Instructions for the task: Output exactly, and only, the lines below from the one with "Retamas Hotel" down to the one with "Combi-sedan RANGE ROVER". Include both end lines and no pictures.

───── Input material ─────

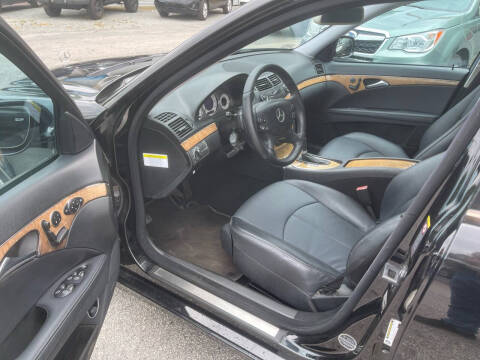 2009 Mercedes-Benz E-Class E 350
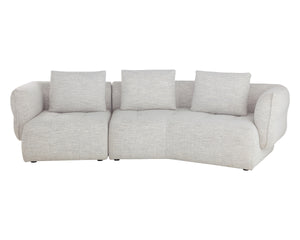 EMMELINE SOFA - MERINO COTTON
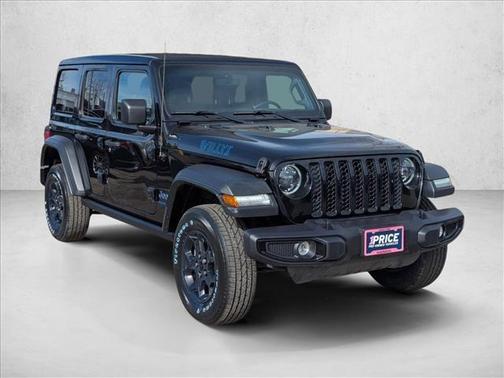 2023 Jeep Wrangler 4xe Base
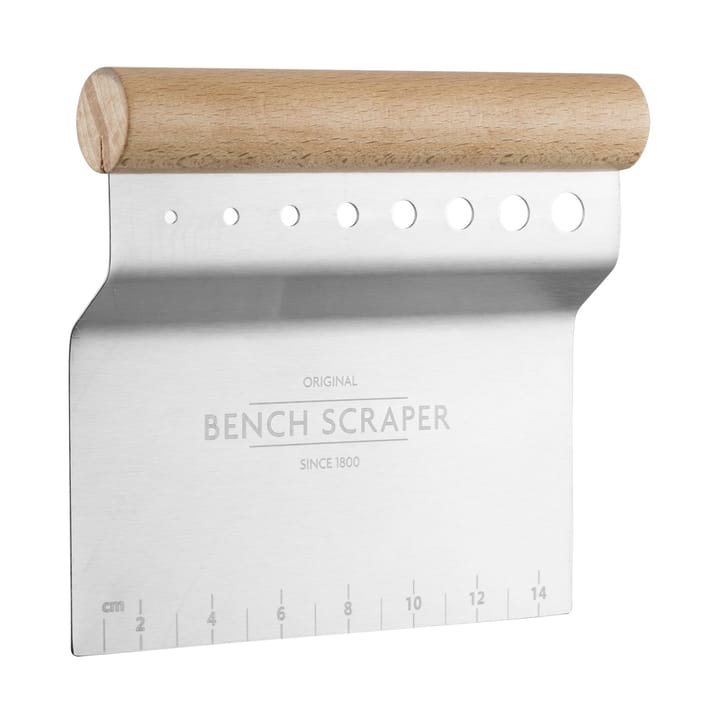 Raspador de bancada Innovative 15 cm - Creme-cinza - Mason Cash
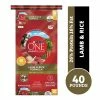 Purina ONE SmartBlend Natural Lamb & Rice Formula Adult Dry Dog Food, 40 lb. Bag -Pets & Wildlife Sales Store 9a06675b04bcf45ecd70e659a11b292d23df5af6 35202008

─────
───── Input material ─────

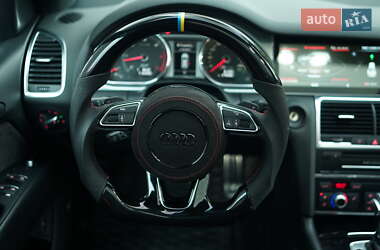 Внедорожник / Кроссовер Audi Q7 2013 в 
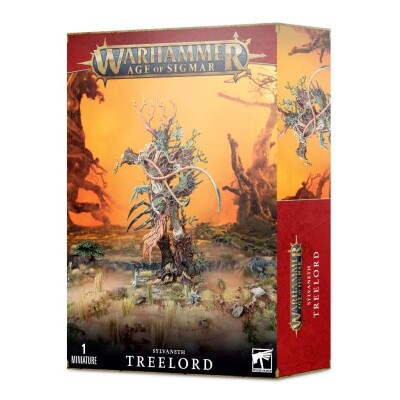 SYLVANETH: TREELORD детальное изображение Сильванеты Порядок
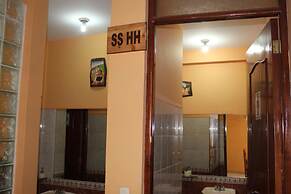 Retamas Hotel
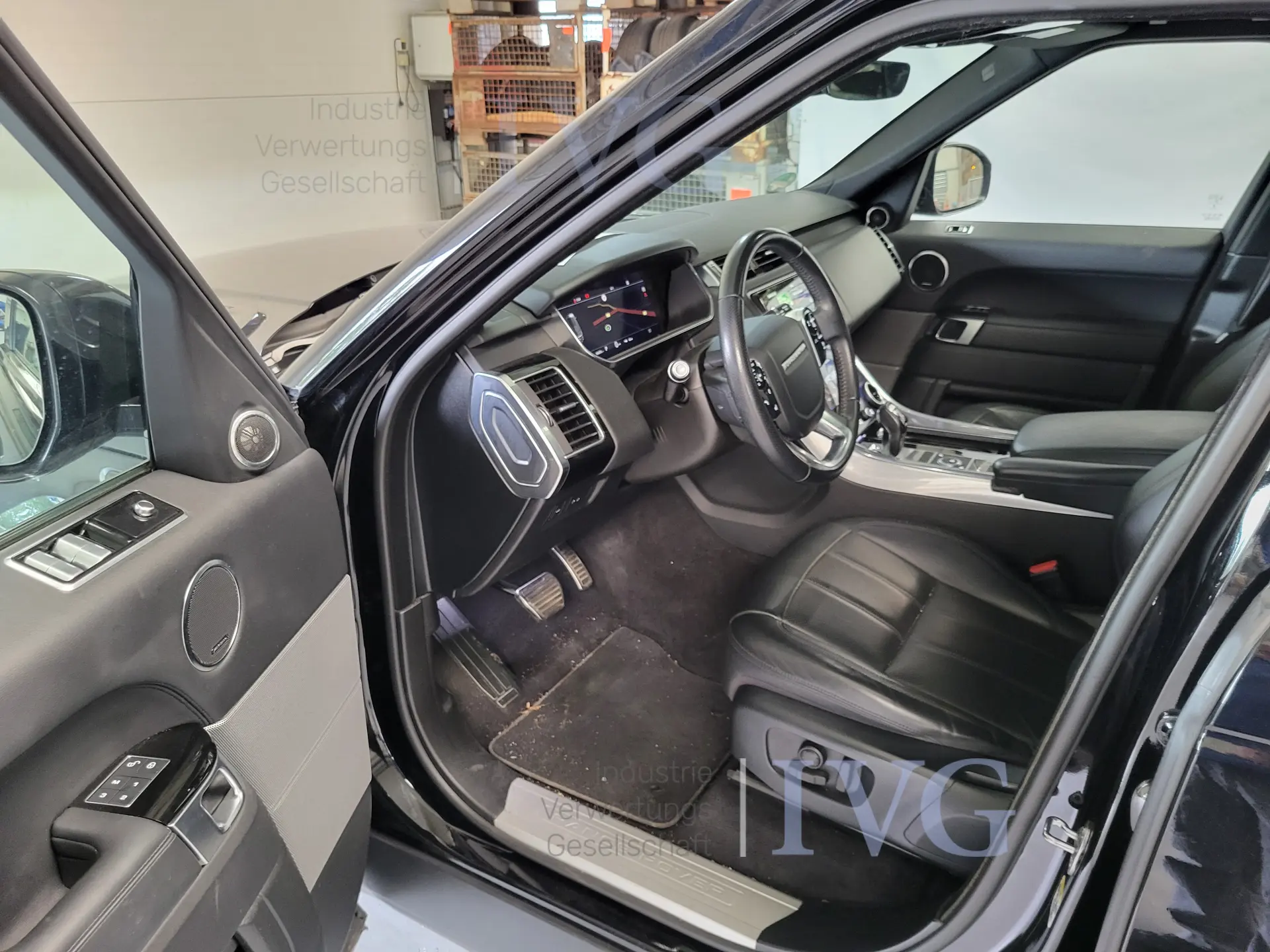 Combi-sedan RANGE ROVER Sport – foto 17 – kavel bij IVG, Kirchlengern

─────
───── Input material ─────

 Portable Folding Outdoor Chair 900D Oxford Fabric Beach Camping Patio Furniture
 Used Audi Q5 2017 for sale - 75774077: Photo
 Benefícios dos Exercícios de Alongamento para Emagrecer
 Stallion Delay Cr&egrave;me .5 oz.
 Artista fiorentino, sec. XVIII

─────

Your response:
 Retamas Hotel
 Combi-sedan RANGE ROVER Sport – foto 17 – kavel bij IVG, Kirchlengern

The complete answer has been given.